● Instructions to follow
Each line from the one containing "Стекло боковое HONDA" through the end of the data is to be written out exactly, and nothing more.

● Short text fragments from websites

####################

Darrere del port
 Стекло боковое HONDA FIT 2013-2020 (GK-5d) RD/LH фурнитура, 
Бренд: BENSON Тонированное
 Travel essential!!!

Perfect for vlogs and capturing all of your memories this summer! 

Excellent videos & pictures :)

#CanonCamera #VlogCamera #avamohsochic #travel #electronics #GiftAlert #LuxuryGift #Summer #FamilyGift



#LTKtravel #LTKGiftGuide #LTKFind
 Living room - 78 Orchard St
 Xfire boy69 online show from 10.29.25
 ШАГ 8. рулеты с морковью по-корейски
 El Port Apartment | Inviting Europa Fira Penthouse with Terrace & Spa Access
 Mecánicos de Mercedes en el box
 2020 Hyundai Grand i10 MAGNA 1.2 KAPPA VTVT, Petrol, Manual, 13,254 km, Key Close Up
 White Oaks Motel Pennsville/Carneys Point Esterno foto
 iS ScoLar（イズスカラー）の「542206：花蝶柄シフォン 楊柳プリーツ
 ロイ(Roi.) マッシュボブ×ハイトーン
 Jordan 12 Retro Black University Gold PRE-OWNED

####################

● The completed task
 Стекло боковое HONDA FIT 2013-2020 (GK-5d) RD/LH фурнитура, 
Бренд: BENSON Тонированное
 Travel essential!!!

Perfect for vlogs and capturing all of your memories this summer! 

Excellent videos & pictures :)

#CanonCamera #VlogCamera #avamohsochic #travel #electronics #GiftAlert #LuxuryGift #Summer #FamilyGift



#LTKtravel #LTKGiftGuide #LTKFind
 Living room - 78 Orchard St
 Xfire boy69 online show from 10.29.25
 ШАГ 8. рулеты с морковью по-корейски
 El Port Apartment | Inviting Europa Fira Penthouse with Terrace & Spa Access
 Mecánicos de Mercedes en el box
 2020 Hyundai Grand i10 MAGNA 1.2 KAPPA VTVT, Petrol, Manual, 13,254 km, Key Close Up
 White Oaks Motel Pennsville/Carneys Point Esterno foto
 iS ScoLar（イズスカラー）の「542206：花蝶柄シフォン 楊柳プリーツ
 ロイ(Roi.) マッシュボブ×ハイトーン
 Jordan 12 Retro Black University Gold PRE-OWNED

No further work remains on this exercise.